BU offers

african and latin-american music and drumming events of all kinds

First You may think: "This is just another of the many offers that try to tell the same story in a different way." But we are not asking You to spend valuable time with too many words, we would only like You to listen:

In the fourth year of performing original drumming music and creating diverse multimedia projects BU are writing a new chapter: after playing almost a hundred gigs, this winter was the first to have been almost entirely spent in the studio. Why not let this unique collective spice up Your evening and stir the audience's primeval rhythms through a blend of highly energetic, yet sublime drumming, powerful electronic visuals, fervent dancing and stunning fire performance?

Traditional rhythms of Central Africa and Latin America form the base of BU's musical texture, yet they are being - sometimes even radically - infused with the group's own understanding of what music and rhythm are all about: from an eclectic appreciation of other traditions and percussion instruments such as darbouka, tapan or didgeridoo to an expermental, even post-modern approach to musical composition and performance strategy. On their tours all over Slovenia, along with an expedition abroad, they appeared at almost all major venues and gained a good reputation as a "band of party animals", since none of the numerous audiences at clubs and festivals would remain cool, once faced with the compelling energy of BU.

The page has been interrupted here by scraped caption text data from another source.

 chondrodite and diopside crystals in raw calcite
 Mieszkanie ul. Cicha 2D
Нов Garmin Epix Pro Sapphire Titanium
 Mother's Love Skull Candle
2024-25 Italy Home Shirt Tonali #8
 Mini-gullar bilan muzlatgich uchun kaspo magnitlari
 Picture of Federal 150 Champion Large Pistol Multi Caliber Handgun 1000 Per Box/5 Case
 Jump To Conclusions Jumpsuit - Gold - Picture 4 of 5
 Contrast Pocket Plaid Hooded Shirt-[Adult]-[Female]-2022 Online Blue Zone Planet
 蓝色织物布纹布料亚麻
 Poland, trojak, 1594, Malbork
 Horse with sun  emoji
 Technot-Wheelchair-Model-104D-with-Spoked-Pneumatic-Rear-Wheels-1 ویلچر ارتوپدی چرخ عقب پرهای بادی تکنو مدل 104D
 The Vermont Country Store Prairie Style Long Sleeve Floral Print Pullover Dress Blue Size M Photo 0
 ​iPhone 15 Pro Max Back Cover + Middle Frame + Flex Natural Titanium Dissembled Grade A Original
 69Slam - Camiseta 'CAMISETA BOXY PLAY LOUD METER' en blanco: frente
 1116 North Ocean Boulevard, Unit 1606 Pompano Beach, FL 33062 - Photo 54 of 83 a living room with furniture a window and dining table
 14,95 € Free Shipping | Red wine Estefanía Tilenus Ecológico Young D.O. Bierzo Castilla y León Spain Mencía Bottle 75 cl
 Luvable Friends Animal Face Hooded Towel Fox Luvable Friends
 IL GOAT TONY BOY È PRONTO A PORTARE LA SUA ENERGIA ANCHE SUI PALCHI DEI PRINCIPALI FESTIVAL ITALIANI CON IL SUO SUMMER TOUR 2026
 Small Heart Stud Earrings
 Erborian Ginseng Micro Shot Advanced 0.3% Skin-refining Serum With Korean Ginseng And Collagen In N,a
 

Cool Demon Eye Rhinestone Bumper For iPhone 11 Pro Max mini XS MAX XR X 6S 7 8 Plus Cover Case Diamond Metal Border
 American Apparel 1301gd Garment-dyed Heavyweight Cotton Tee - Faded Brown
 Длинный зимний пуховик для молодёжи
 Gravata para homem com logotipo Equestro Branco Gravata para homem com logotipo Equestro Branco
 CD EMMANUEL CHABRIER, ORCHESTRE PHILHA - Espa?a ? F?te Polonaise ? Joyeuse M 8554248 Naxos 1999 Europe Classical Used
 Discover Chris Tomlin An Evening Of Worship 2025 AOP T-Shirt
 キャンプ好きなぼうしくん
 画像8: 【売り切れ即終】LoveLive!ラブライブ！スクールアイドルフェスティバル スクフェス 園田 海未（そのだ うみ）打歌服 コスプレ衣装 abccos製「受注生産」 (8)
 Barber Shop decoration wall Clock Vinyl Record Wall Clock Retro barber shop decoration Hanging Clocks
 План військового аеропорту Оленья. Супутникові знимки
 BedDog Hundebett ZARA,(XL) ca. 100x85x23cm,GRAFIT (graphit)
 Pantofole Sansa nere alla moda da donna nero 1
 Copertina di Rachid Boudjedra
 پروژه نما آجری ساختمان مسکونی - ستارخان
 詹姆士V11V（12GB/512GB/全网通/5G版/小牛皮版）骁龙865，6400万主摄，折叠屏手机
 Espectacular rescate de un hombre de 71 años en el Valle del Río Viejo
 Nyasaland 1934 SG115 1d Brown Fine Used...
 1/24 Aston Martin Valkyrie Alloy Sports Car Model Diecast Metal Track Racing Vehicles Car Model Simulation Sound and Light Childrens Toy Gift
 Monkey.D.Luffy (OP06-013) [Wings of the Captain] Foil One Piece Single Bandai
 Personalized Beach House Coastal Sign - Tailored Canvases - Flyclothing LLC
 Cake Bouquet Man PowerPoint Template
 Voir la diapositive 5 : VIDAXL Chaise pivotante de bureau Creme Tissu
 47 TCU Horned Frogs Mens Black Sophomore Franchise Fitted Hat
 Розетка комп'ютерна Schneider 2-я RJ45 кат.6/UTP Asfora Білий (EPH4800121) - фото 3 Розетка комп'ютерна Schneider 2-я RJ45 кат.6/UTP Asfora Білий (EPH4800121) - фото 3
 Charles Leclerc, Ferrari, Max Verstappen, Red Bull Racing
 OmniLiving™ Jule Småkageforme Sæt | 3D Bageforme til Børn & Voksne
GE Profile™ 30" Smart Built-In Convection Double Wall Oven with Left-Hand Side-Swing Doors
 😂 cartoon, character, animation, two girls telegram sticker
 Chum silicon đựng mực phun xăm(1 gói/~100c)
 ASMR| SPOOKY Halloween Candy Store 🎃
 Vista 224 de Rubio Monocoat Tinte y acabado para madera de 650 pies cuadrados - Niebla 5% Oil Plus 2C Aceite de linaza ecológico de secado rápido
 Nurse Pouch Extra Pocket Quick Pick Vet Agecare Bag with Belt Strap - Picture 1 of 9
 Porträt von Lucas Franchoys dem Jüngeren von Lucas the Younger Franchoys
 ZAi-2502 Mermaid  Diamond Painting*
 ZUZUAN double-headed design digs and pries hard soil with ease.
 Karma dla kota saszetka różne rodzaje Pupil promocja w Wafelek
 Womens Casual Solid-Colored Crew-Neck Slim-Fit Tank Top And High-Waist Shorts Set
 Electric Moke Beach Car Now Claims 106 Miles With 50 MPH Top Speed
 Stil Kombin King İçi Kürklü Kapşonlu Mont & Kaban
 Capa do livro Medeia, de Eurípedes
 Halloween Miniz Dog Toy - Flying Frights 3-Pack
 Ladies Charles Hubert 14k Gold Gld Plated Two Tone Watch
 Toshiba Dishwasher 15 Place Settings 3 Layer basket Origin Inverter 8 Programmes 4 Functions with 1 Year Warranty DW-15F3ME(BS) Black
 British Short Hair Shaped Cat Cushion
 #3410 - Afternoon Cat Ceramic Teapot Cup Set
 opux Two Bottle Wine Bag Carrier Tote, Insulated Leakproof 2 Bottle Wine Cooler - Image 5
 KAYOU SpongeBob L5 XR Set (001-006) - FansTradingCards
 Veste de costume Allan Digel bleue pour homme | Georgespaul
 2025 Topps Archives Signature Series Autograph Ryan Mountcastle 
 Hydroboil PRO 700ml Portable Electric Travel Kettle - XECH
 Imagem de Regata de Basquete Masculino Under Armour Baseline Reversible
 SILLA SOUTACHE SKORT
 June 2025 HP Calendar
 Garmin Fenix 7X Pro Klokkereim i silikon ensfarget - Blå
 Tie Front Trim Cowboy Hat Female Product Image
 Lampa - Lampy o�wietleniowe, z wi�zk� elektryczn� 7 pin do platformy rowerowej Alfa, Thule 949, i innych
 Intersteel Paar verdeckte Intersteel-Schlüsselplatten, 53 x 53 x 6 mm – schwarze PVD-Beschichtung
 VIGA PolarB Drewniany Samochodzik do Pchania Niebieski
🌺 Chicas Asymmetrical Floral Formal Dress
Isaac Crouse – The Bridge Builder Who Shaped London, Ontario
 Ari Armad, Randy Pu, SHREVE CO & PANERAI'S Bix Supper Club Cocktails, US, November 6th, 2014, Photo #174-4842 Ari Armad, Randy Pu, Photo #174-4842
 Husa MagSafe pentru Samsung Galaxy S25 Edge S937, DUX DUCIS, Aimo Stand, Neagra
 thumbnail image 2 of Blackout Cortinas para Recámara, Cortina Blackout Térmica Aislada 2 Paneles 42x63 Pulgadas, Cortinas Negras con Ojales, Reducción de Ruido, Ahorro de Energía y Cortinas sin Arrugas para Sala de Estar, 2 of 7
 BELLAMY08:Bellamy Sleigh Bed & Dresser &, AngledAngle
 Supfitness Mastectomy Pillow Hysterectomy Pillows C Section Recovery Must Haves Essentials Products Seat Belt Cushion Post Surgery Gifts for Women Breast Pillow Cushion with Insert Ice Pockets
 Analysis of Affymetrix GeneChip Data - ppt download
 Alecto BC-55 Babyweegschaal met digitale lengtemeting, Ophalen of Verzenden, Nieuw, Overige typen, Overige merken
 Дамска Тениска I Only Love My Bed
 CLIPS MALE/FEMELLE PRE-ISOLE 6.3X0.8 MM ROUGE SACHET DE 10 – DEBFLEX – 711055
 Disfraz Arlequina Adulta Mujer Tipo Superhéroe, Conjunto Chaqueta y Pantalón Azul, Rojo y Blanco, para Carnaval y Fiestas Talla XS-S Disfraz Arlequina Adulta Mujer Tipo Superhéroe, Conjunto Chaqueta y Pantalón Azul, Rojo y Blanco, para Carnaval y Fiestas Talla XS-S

Especially their novel musical approach to tradition-as-linked-to-the-present led the group to bold aesthetic and performative investigations, some of them fusing aspects of art and everyday life in truly unexpected ways. The non-verbal street theatre performance "BUsingye" for example communicated a story of love and hate only through drumming, gibberish as well as dancing - and the project is just about to develop into a whole new stage. For more than two years BU have been conducting rhythm-events for the deaf and hard of hearing under the title of "BUmBUs". To an audience combined of people with essentially different abilities and preferences of percepting sound they offer a new way of getting in touch with the world(s) of music: traditional percussions and dancing are complemented by further visual, tactile and kinesthetic media.

Visual materials that are being mixed live on the screen (VJing) by the members of the group not only offer stimulating background aesthetics but also cover themes ranging from traditional life and pure nature to the urban aspects of "other" continents. The sublime vibrations of the traditional Australian instrument didgeridoo wrap up the rather intensive rhythmic front of djembe, dundun, sangpan and kenken, softened in turn by the high-pitched small percussions such as claves, shakers and bells.

As a universal language, music, especially in its "primitive" aspects of rhythm, is doubtlessly capable of tearing down social boundaries and challenging communicational frontiers - such was also the motivation for a series of anti-war actions (NO Nato, Drums not Bombs) and other initiatives in the realms of civil society. Also in 2004 they were pronounced Slovenia's "ambassadors of diversity". The project called "BUdiseja4002" reevaluated BU's previous multimedia experiments and blended them into a journey down the river Ljubljanica, which brought together different elements of natural expression such as music, dancing and visuals, telling a story of the four basic elements (water, air, earth and fire). For two years BU have been collaborating with a group of afro-dancers, sometimes complemented by a troupe of fire-artists for a truly spectacular show.

BU's primeval afrogroove, music of the body and an excess of creative energy guarantee a unique event, where the multi-rhythm is shared among everybody present.